The main conflict in Meg & Jo is a big blow-up between Jo and her chef, which occurs when she posts his mother's pierogi recipe.  She hasn't told him about her blog because she doesn't want him to see her as an "idiot hipster food blogger."  But her secret is outed when her readers spot the tattoos on his arm in a picture, forcing her to confront her feelings.

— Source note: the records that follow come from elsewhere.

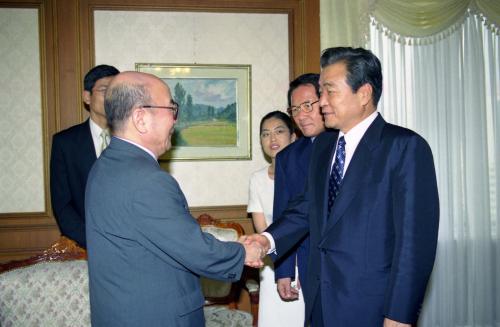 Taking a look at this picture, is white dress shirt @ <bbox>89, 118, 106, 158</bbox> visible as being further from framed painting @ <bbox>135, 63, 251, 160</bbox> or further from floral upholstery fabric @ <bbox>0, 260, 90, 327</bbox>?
framed painting @ <bbox>135, 63, 251, 160</bbox>

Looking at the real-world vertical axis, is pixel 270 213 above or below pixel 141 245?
below

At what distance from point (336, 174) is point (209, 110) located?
2.29 metres

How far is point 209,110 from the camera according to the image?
14.0ft

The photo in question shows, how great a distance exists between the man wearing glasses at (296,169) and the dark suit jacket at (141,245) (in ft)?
3.37

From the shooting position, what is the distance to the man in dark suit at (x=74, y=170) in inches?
120

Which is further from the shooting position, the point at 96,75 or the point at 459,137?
the point at 459,137

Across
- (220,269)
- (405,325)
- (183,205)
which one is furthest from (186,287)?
(405,325)

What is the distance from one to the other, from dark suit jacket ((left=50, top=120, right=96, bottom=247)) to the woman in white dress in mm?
1154

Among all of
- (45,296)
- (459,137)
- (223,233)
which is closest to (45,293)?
(45,296)

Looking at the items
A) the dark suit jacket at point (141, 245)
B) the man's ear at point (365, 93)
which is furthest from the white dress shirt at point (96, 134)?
the man's ear at point (365, 93)

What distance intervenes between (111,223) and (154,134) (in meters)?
0.38

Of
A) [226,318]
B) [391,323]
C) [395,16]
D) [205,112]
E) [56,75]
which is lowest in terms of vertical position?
[226,318]

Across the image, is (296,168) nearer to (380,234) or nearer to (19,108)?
(380,234)

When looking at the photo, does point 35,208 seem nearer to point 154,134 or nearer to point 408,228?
point 154,134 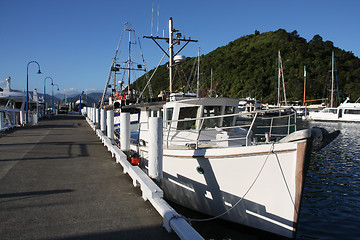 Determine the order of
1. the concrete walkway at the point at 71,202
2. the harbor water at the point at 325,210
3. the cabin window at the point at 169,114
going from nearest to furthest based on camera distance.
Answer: the concrete walkway at the point at 71,202, the harbor water at the point at 325,210, the cabin window at the point at 169,114

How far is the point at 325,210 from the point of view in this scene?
8.80 meters

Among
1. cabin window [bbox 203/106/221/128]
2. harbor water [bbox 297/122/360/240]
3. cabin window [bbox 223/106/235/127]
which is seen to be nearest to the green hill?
harbor water [bbox 297/122/360/240]

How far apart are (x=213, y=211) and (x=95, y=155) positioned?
4.35m

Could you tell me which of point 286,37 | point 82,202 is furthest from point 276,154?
point 286,37

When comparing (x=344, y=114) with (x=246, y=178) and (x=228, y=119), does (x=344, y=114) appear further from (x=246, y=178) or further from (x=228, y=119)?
(x=246, y=178)

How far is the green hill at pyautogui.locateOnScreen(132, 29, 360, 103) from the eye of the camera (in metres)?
65.6

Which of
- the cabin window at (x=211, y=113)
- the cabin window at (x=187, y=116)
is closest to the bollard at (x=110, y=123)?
the cabin window at (x=187, y=116)

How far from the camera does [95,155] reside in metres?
8.83

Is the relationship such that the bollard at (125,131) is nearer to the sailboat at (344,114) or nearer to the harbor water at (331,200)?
the harbor water at (331,200)

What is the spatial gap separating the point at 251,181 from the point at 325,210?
15.6ft

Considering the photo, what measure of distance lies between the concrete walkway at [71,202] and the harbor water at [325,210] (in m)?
2.82

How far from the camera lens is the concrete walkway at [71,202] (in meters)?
3.63

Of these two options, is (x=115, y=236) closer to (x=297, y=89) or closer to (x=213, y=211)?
(x=213, y=211)

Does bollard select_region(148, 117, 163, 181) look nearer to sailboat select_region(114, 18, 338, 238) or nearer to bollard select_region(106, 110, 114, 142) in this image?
sailboat select_region(114, 18, 338, 238) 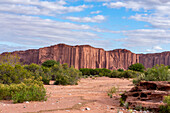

"He thought I was using him.  Which . . . Okay, I had.  He'd served up his big heart on a plate, and I'd taken his passion to feed my own.  But I put myself out there, too, in my words, on my blog.  When I wrote about him, I revealed a piece of my heart.  And he didn't see.  Or maybe he didn't care.  He'd belittled my blog.  And that made me feel small.  I couldn't forgive that."  (267)

Kantra gives us the Jo that Alcott created: the tough girl with the gushy heart.  And although I don't think of myself as tough and am one of the girliest girls that I know, this is why Jo is my favorite.  To her, stories are everything.  She's guarded and prickly in person, but vulnerable where it counts -- on the page.  The man who understands and respects that is the one who gets to be in her life. 

Meg & Jo blends romance and feminism and wraps it up in that age-old theme of following your heart.  It both stands on its own and parallels its predecessor, making for textured reading.  I look forward to Kantra's sequel, Beth & Amy.

And now for a craft project report.  This Unicorn Universe Necklace has little to do with Meg & Jo or Little Women.  But its black unicorn head is a cross between edgy and enchanting, serving as a subtle reminder that being girly doesn't mean not being strong.  Also, unicorns, mythical though they may be, are supposed to be pretty powerful.

Just like the one in that Squatty Potty ad.  I bet they wish they had that in Little Women.